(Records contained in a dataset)
○ ○ ○ ○ ○ ○ ○

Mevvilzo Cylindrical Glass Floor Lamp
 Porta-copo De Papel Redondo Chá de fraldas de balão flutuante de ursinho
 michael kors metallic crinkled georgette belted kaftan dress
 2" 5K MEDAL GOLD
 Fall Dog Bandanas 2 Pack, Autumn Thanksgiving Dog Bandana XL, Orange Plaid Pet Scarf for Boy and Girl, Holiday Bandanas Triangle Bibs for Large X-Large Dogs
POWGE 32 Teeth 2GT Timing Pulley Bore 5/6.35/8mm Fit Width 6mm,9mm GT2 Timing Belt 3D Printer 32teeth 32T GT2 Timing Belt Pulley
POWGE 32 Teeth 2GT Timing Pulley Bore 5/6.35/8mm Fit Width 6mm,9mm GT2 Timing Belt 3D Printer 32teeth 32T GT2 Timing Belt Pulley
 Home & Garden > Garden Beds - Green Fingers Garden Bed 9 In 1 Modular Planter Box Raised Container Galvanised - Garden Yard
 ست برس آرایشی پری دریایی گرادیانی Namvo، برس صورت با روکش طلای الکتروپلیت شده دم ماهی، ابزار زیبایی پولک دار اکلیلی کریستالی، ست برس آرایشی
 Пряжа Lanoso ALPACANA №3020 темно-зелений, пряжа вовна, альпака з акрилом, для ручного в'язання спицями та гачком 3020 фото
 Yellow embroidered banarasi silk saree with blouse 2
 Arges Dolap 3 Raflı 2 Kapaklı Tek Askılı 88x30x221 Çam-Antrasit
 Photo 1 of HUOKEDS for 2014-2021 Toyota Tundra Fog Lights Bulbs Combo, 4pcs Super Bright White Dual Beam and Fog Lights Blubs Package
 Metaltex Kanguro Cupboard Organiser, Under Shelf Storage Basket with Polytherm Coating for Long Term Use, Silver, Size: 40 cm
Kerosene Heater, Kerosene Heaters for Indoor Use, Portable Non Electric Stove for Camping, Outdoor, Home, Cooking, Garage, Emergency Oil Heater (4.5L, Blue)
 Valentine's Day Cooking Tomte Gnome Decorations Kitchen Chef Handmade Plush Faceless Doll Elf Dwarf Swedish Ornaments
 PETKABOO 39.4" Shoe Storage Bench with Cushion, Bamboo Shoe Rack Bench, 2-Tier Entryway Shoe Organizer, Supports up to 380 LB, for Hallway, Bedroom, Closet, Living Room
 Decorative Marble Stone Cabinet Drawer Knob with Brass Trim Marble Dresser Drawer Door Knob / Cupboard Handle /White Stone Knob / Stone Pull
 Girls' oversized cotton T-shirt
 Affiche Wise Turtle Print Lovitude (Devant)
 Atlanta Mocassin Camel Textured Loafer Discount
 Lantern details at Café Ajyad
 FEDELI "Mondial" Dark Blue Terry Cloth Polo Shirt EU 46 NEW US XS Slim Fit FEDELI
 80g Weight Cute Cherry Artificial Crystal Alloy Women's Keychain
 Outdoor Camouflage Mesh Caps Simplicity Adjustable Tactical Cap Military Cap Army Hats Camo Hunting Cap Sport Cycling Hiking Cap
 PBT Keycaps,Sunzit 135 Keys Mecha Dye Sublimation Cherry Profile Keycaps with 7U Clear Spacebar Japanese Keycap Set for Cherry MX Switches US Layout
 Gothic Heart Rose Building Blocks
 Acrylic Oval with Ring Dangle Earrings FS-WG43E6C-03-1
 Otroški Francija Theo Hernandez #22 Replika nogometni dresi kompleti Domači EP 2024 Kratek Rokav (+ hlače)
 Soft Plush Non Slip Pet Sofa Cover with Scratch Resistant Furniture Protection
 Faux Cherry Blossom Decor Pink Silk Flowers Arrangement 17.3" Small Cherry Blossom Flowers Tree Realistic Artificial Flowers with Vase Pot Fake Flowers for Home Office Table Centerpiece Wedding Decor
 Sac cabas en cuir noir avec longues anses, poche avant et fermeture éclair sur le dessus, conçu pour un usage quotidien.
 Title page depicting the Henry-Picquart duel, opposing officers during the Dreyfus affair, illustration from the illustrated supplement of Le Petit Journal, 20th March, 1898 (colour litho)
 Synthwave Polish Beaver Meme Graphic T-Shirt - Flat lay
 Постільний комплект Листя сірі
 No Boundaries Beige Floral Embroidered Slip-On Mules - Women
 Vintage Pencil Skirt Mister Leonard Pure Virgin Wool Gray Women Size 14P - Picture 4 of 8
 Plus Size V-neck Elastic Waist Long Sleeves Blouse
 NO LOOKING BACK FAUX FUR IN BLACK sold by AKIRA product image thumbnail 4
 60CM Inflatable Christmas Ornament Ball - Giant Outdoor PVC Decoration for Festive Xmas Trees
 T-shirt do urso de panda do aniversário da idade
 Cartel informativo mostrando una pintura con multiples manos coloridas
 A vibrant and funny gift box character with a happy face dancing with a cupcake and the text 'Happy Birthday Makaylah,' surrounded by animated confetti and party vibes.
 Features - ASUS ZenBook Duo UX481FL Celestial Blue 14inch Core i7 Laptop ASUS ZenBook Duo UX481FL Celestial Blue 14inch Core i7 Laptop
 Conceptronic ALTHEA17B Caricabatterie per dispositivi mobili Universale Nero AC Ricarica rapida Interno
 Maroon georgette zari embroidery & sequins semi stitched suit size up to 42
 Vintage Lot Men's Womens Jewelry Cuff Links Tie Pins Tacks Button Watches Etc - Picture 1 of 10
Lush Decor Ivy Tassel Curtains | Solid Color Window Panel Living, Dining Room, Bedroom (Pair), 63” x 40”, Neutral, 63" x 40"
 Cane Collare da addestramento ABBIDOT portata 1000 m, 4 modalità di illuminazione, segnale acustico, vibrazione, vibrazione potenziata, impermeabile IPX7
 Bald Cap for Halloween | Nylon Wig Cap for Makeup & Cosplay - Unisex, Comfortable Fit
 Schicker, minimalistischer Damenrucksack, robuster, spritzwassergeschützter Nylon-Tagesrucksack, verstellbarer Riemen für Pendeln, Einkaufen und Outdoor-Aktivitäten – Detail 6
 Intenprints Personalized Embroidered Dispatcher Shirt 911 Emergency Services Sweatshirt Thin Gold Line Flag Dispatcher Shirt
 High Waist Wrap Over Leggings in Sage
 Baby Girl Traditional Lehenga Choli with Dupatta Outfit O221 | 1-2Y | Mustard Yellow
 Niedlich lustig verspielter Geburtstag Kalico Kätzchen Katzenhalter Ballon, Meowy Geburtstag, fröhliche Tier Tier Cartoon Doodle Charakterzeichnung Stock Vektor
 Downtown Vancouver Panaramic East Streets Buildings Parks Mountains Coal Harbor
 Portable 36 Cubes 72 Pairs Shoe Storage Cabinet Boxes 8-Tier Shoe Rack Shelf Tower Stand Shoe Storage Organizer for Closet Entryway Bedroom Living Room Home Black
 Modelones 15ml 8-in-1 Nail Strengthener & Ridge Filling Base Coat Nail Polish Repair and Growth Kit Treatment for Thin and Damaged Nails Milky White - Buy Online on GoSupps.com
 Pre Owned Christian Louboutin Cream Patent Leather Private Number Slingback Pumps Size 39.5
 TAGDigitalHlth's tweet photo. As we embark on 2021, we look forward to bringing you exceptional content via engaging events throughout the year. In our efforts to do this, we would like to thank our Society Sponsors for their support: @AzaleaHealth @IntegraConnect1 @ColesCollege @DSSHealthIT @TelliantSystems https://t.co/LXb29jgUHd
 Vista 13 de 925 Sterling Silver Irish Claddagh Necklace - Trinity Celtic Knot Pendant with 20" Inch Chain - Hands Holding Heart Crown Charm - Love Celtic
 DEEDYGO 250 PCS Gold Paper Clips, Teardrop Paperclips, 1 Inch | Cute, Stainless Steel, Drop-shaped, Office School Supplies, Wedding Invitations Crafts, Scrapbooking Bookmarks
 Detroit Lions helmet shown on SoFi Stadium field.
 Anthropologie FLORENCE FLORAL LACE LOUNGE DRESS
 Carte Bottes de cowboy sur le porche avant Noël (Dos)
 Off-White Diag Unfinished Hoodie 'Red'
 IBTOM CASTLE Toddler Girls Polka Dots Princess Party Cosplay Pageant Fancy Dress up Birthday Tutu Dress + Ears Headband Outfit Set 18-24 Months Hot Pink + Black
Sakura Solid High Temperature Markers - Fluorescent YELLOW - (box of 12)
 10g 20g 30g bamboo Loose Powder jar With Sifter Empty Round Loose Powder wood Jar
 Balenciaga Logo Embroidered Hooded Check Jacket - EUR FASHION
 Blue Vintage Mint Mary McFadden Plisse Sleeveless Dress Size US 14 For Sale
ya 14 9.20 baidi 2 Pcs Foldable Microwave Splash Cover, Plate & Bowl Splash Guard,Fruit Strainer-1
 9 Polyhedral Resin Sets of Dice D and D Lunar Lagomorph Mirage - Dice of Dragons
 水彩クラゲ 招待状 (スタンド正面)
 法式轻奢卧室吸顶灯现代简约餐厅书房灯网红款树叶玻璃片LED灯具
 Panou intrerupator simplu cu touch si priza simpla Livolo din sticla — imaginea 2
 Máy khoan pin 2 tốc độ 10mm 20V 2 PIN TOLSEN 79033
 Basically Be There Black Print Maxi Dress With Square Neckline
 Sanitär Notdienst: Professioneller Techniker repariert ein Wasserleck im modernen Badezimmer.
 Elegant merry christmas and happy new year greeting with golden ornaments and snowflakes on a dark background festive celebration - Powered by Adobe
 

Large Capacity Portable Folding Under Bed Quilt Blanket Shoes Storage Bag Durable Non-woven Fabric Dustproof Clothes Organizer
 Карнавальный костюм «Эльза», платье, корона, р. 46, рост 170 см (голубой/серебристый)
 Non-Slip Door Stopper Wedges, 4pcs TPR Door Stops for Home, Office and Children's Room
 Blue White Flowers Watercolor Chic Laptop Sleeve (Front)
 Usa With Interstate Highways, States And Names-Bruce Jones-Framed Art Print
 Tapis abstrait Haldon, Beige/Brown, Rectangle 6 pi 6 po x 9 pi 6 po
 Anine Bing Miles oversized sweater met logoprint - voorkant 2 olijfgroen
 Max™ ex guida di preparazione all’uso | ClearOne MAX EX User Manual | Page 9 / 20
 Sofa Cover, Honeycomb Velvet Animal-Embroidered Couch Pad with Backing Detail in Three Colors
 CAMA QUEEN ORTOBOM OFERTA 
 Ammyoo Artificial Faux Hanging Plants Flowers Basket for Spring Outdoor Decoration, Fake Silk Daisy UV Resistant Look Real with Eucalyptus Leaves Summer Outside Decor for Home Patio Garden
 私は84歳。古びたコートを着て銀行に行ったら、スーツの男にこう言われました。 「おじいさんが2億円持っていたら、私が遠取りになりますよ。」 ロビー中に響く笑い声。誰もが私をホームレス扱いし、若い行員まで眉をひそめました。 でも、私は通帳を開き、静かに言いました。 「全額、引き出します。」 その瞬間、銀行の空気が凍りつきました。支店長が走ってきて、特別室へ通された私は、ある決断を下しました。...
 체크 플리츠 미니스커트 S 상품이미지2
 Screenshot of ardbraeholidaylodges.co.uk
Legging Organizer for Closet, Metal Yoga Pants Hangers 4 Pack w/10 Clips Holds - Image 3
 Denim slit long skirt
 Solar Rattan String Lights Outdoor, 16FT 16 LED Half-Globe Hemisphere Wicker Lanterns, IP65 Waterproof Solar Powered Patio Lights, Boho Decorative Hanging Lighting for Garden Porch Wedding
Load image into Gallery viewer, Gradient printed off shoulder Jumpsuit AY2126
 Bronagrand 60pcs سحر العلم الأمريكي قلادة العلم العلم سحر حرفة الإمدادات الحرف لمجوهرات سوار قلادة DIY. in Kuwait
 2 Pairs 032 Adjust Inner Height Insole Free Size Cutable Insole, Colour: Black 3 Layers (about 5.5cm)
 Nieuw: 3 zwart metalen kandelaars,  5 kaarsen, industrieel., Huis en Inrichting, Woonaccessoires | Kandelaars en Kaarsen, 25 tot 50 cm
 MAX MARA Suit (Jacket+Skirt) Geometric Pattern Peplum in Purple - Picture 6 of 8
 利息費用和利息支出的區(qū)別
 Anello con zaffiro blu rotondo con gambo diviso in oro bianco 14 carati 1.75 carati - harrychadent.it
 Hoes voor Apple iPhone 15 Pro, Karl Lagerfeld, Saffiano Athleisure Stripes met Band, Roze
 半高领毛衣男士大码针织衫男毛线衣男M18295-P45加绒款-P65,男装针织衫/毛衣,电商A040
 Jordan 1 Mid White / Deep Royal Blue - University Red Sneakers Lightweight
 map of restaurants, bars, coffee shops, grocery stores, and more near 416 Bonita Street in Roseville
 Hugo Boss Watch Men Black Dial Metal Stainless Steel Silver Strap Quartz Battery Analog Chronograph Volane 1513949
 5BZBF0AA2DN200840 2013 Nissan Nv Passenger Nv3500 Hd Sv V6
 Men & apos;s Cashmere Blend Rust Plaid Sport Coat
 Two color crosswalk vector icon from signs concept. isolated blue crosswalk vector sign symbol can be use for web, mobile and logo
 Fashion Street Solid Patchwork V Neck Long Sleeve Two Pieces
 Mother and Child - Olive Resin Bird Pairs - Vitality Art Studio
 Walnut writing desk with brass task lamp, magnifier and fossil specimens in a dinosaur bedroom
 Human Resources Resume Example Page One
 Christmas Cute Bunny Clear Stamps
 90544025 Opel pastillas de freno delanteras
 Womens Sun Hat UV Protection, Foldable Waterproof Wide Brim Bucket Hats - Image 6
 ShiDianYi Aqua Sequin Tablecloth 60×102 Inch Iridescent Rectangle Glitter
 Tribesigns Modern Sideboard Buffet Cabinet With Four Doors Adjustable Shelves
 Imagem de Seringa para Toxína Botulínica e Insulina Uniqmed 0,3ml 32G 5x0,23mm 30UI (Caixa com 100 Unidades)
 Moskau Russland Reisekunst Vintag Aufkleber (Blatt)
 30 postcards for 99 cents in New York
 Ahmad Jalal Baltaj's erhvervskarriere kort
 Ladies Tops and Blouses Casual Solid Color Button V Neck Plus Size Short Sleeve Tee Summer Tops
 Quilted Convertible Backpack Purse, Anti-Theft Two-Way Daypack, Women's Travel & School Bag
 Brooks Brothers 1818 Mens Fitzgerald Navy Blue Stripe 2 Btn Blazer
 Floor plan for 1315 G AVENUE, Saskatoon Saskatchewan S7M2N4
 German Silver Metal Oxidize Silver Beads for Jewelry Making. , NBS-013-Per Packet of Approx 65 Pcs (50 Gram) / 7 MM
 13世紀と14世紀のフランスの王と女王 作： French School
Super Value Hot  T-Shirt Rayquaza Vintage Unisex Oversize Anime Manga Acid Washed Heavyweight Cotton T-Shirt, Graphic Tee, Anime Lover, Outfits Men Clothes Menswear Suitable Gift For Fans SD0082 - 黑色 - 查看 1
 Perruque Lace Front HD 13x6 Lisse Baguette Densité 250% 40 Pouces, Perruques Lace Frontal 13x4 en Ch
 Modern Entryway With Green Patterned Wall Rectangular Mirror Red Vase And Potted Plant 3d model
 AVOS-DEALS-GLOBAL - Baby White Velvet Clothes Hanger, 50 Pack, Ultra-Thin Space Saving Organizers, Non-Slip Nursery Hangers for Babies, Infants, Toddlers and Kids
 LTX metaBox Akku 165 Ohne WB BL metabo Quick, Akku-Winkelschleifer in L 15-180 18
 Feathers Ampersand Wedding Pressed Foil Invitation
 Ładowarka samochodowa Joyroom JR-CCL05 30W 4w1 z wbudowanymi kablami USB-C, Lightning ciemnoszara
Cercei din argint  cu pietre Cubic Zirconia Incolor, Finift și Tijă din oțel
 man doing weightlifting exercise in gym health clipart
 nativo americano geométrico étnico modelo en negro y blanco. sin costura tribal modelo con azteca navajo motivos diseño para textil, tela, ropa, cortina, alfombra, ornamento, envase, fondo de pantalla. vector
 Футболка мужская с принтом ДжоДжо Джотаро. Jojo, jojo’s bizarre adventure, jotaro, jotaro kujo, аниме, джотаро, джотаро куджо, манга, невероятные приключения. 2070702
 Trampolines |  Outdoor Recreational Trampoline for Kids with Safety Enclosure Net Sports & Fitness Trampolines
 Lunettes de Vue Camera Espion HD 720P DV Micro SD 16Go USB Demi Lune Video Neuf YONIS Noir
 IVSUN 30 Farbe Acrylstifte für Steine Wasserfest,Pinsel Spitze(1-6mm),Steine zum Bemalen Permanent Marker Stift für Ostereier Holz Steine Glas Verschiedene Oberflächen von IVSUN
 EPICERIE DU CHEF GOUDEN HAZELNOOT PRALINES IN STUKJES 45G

○ ○ ○ ○ ○ ○ ○

# WHAT TO PRODUCE:
The response must hold only the lines above from the line with "5BZBF0AA2DN200840 2013 Nissan" through the line with "Feathers Ampersand Wedding", each copied exactly, both ends kept.

# OUTPUT OF THE TASK:
 5BZBF0AA2DN200840 2013 Nissan Nv Passenger Nv3500 Hd Sv V6
 Men & apos;s Cashmere Blend Rust Plaid Sport Coat
 Two color crosswalk vector icon from signs concept. isolated blue crosswalk vector sign symbol can be use for web, mobile and logo
 Fashion Street Solid Patchwork V Neck Long Sleeve Two Pieces
 Mother and Child - Olive Resin Bird Pairs - Vitality Art Studio
 Walnut writing desk with brass task lamp, magnifier and fossil specimens in a dinosaur bedroom
 Human Resources Resume Example Page One
 Christmas Cute Bunny Clear Stamps
 90544025 Opel pastillas de freno delanteras
 Womens Sun Hat UV Protection, Foldable Waterproof Wide Brim Bucket Hats - Image 6
 ShiDianYi Aqua Sequin Tablecloth 60×102 Inch Iridescent Rectangle Glitter
 Tribesigns Modern Sideboard Buffet Cabinet With Four Doors Adjustable Shelves
 Imagem de Seringa para Toxína Botulínica e Insulina Uniqmed 0,3ml 32G 5x0,23mm 30UI (Caixa com 100 Unidades)
 Moskau Russland Reisekunst Vintag Aufkleber (Blatt)
 30 postcards for 99 cents in New York
 Ahmad Jalal Baltaj's erhvervskarriere kort
 Ladies Tops and Blouses Casual Solid Color Button V Neck Plus Size Short Sleeve Tee Summer Tops
 Quilted Convertible Backpack Purse, Anti-Theft Two-Way Daypack, Women's Travel & School Bag
 Brooks Brothers 1818 Mens Fitzgerald Navy Blue Stripe 2 Btn Blazer
 Floor plan for 1315 G AVENUE, Saskatoon Saskatchewan S7M2N4
 German Silver Metal Oxidize Silver Beads for Jewelry Making. , NBS-013-Per Packet of Approx 65 Pcs (50 Gram) / 7 MM
 13世紀と14世紀のフランスの王と女王 作： French School
Super Value Hot  T-Shirt Rayquaza Vintage Unisex Oversize Anime Manga Acid Washed Heavyweight Cotton T-Shirt, Graphic Tee, Anime Lover, Outfits Men Clothes Menswear Suitable Gift For Fans SD0082 - 黑色 - 查看 1
 Perruque Lace Front HD 13x6 Lisse Baguette Densité 250% 40 Pouces, Perruques Lace Frontal 13x4 en Ch
 Modern Entryway With Green Patterned Wall Rectangular Mirror Red Vase And Potted Plant 3d model
 AVOS-DEALS-GLOBAL - Baby White Velvet Clothes Hanger, 50 Pack, Ultra-Thin Space Saving Organizers, Non-Slip Nursery Hangers for Babies, Infants, Toddlers and Kids
 LTX metaBox Akku 165 Ohne WB BL metabo Quick, Akku-Winkelschleifer in L 15-180 18
 Feathers Ampersand Wedding Pressed Foil Invitation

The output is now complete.